Intel provides view into cloud shift

Yesterday’s fascinating article in Wired says that Google is now Intel’s fifth largest client for server chips. In 2008, this Intel division had 75% of its sales to IBM, Dell and HP. Five years later, the same 75% is spread across eight buyers, the fifth being Google.

This provides a view of the shift away from owner-operator enterprise IT and towards buying compute as a service through Amazon or other IaaS providers.

It’s fair to assume that Amazon and Facebook are in that top eight either directly or by proxy with their manufacturer (Quanta is one such). The article also mentions Facebook’s open compute project, a strategy to reduce the acquisition and ownership costs of the hardware, as they cool more effectively, too.

IDC and fellow analysts don’t have solid data on how much of the total addressable server market is taken by this new breed of buyer. Wired cleverly called it the “server world’s Bermuda triangle” because of analyst’s poor visibility of spending in that zone.

The economic factors which favour IaaS providers AWS and Google Compute Engine:

  • They have equal or better buying power to IBM, Dell and HP
  • They spend less on energy. AWS and Google are run in data centres with energy efficiency (“PUE”) of about 1.2; about 50% lower than most enterprise data centres which are around 2 to 2.4. Facebook’s Oregon DC runs at 1.11. In Australia, the NSW Whole of Government new data centre is likely to have PUE of 1.29
  • Their scale plus automation systems drive down operational costs to a greater degree than an enterprise IT buyer can easily achieve.

At this scale, with the prior stalwarts of server sales losing ground to providers who don’t resell the chips but instead sell a service, the inexorable domination of cloud computing is obvious.

Facebook’s Oregon datacentre, a server aisle:
Facebook’s Oregon datacentre In 2008 Nicholas Carr gave his now-famous analogy in the Big Switch, that IT is leaving the company data centres, and shifting to cloud computing, mirroring the shift that electricity generation had from local steam-generation to the newly invented power grid.

Part of the reason enterprises are moving slowly to cloud is their (necessary) dependence on existing stable applications. That’s fair enough. All of my clients have systems which have been designed within the concept of traditional enterprise IT.

The next advance toward cloud comes from changes to the buying and architectural decisions of the IT organisation. It is to think of compute as a service, and to move to a service oriented architecture. For example, to design apps with the assumption of hardware will fail underneath it, as opposed to the current state where the apps can trust the hardware to be available > 99.9x% of the time.

Netflix put this eloquently in a zdnet article. In explaining the philosophical design shift, their cloud architect said:

The typical environment you have for developers is this image that they can write code that works on a perfect machine that will always work, and operations will figure out how to create this perfect machine for them. That’s the traditional dev-ops, developer versus operations contract.
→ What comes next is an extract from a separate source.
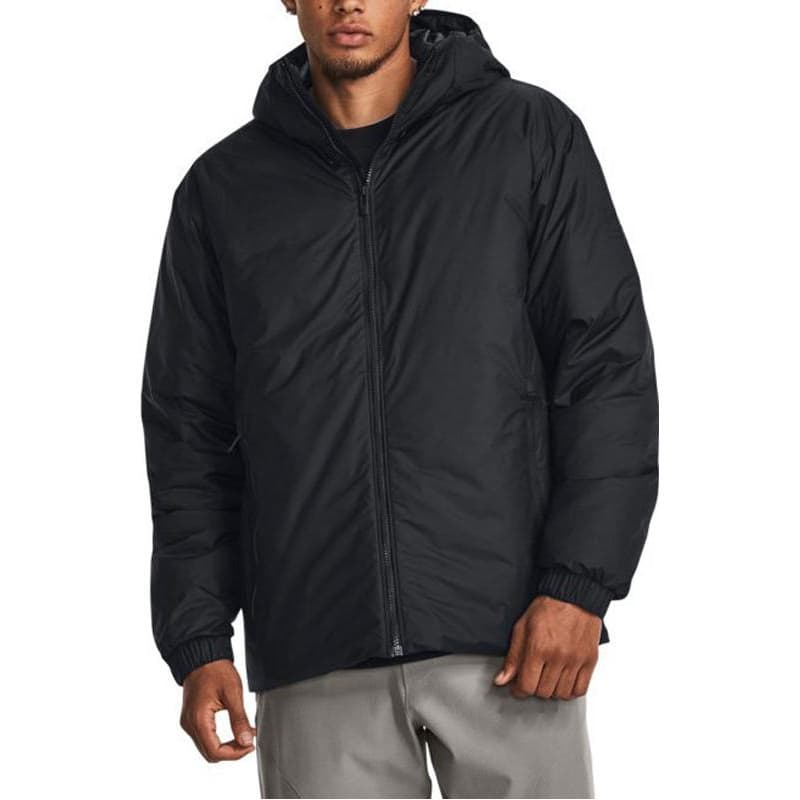 Зимняя куртка Under Armour ColdGear Infrared - изображение 3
Instead he says the way Netflix now do it is different. This is the point I’m making. Netflix:

We don’t keep track of dependencies. We let every individual developer keep track of what they have to do. It’s your own responsibility to understand what the dependencies are in terms of consuming and providing [services].

We’ve built a decoupled system where every service is capable of withstanding the failure of every service it depends on.

Everyone is sitting in the middle of a bunch of supplier and consumer relationships and every team is responsible for knowing what those relationships are and managing them. It’s completely devolved — we don’t have any centralised control. We can’t provide an architecture diagram, it has too many boxes and arrows. There are literally hundreds of services running.

A longer treatise on service oriented design is in Steve Yegge’s accidentally published rant about how well Amazon get it (and how Google don’t, but that’s now to be tested in Google Compute Engine). They started the transformation to a service-oriented architecture at Amazon in about 2002.

It was about 25 years ago that I started programming, and about 15 years ago I stopped. I never had to develop in this paradigm (but I keep wanting to try). I haven’t led an IT organisation through this scale of change. So I’m not naively saying this change is easy. Steve’s post gives some story to the huge difficulty of it.

I don’t think it’d be easy to change a large organisation’s IT from a traditional mindset to one that fully exploits cloud computing, but damn the rewards and journey would be awesome.